I never made those calls. In many cases Esmeralda or someone like her, was doing something else, or she had transferred to another section, or she had married and left. People named Esmeralda always had short careers in Government. I doubt that at any time there are more than a mere handful of Esmereldas among the several millions of US Civil Servants.
On very rare occasions a call would come in after months, years, had gone by; after I had deep-sixed the form or the whatever, and after the boss had told me to do something about it. I remember one such occasion near the time of my retirement. Every five years we had to go through a background investigation so that Uncle Sugar would feel good about our loyalties, and know that during the last five years we had not become Maoists or members of the Sinoloa Cartel or Quran toting mad bombers. In order for that to happen we had to up-date our original background form submitted when we first applied for federal employment. Well my original was done with a quill pen on parchment.
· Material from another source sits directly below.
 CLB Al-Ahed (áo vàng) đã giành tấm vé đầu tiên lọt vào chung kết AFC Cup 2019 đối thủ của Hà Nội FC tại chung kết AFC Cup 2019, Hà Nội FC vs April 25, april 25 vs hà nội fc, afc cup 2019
I think I had not updated it since shortly before Grover Cleveland announced for his second try at the position now occupied by the last person who will hold it. (You figure out what I mean by that.) I mean I was still living at the same place, still married to the same woman, still eating, drinking and…well nothing had changed. Wouldn’t it have been simple enough to ask, “Anything new with you since last we talked?” So, when the little package appeared, every five years, it went where all the other stuff from down there went.
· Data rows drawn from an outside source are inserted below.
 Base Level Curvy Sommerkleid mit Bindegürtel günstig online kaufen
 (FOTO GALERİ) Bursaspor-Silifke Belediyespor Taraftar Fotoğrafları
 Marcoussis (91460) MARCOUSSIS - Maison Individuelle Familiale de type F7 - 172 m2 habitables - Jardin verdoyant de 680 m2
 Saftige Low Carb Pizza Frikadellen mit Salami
One day, like I said, about a year before I was due to go, Esmerelda’s sister Malaria called me. She was one of the people handling stuff for guys in my position; guys about to assume life-time parole status.
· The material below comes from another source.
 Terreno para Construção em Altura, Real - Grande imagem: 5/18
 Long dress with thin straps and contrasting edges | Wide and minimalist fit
“I just noticed that the last update on your security clearance is fifteen years ago.”
“That’s crazy! Fifteen years ago?”
“Yes. I’m sending you a package, now. If we get it in soon enough, it can be completed before your retirement.”
“Fine. I’ll get right on it.”
I got the package a few days later and threw it away.
She called about a month later wanting to know what I had done with the package. I told her I never got it
She sent two more of them out before I finally retired. I still do not have security clearance.
Oh, here’s something else; well two things.
The guy I worked for was a retired Detective Sergeant with the NYPD. He’d been one of the aces in the Manhattan DA’s office when Frank Hogan, about the best prosecutor in the history of this country, was the DA down there. He did not really like trolls, gnomes, dwarves and moles. They bothered him as much as they bothered me. Well, since he was the boss they bothered him even more than that, and that was an awful lot. One day he yelled from his office, “I need a number!” I think one of us yelled back, something like 307 – or something like that.
A few minutes later he came out to join us and we asked for an explanation. Someone had just called from the Puzzle Palace and needed a number from the field offices about something or other for the Secretary’s next trip up to the Hill. He gave it to them.
That was the way we handled that problem from then on.
The second thing? From time to time we would be visited by one or the other of the many drones working down there in some administrative capacity. The boss would put something strong in his coffee and sit with him for a while. Outside where the rest of us were, we would dial each others extensions on the phone; the constant ringing being a sure bet the poor fool would leave believing that this was a lively and productive office.
I have often wondered how many numbers get sent down to Washington in the same way and wind up costing us all 16 trillion hard earned bucks and more.